Позднее в этот же день к нему в комнату ворвался начальник штаба генерал-лейтенант Артур Шмидт и заявил: «14-й танковый корпус помышляет о капитуляции. Мюллер (начальник штаба 14-го корпуса. – У. К.) говорит, что силы солдат на исходе и у них не осталось боеприпасов. Я сказал ему, что состояние войск нам известно, но приказ продолжать боевые действия по-прежнему остается в силе и о капитуляции не может быть и речи. Тем не менее, на мой взгляд, вы должны встретиться с этими генералами и поговорить с ними».

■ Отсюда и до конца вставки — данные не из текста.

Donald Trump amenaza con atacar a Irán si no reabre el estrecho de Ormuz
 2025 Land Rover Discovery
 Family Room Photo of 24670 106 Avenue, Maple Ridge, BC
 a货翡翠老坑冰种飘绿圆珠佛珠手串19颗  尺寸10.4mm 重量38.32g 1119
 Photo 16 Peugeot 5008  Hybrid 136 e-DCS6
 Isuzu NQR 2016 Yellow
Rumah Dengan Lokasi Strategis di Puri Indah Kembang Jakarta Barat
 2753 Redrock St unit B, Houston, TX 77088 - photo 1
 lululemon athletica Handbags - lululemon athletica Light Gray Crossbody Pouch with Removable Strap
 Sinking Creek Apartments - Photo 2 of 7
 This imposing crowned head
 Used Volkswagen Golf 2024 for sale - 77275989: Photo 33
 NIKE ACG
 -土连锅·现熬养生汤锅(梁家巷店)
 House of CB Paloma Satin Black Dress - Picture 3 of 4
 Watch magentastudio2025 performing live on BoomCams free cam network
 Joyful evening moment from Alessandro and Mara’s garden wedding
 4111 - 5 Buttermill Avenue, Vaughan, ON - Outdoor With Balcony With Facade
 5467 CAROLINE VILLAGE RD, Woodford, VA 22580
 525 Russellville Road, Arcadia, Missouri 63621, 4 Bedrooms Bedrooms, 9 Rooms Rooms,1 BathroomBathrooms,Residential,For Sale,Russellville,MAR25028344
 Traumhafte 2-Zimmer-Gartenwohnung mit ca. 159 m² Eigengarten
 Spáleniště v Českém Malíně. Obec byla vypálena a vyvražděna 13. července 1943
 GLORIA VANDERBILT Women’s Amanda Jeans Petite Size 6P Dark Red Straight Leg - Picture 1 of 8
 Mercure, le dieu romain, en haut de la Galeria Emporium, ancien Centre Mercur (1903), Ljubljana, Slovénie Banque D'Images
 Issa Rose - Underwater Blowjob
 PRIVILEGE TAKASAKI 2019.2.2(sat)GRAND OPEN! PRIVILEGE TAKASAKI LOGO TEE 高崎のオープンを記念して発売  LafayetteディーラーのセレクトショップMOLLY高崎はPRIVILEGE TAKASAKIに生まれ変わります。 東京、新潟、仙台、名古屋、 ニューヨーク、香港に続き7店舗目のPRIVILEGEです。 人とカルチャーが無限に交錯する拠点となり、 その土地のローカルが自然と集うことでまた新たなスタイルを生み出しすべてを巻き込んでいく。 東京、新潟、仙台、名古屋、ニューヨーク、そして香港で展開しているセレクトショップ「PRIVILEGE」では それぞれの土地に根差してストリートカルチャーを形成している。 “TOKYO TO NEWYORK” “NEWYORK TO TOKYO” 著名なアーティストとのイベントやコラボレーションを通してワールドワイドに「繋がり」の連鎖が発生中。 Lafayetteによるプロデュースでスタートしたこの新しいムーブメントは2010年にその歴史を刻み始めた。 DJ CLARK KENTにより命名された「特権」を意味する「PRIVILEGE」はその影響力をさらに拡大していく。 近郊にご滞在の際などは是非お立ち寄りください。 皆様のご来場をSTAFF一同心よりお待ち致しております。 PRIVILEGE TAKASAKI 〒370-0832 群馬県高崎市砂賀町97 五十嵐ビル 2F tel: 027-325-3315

28 января русские рассекли окруженные немецкие войска на три части: 11-й корпус был изолирован в районе Тракторного завода, 8-й и 5-й корпуса – к западу от Мамаева кургана, а остатки 14-го и 4-го корпусов – в центральной части города вокруг универмага.
Из окна подвала по соседству с универмагом сидевший за пулеметом унтер-офицер Альберт Пфлюгер смотрел на возвышавшийся на перекрестке улиц фонтан. На протяжении многих дней фонтан был центральным пунктом ожесточенной перестрелки. Пфлюгер убил нескольких русских, пытавшихся подобраться к фонтану. Здесь же лежали трупы немецких солдат, сраженных пулями, когда они пробовали проползти по льду к фонтану и набрать воды в пустые фляги.
Для него война свелась к схваткам за глоток воды, и Пфлюгер был готов сдаться в плен. Но сперва ему хотелось услышать речь Адольфа Гитлера 30 января, посвященную десятой годовщине «третьего рейха». В полдень он вместе с другими солдатами подошел к радиоприемнику и ждал, когда голос фюрера зазвучит в подвале. Но диктор объявил, что вместо фюрера выступит Герман Геринг.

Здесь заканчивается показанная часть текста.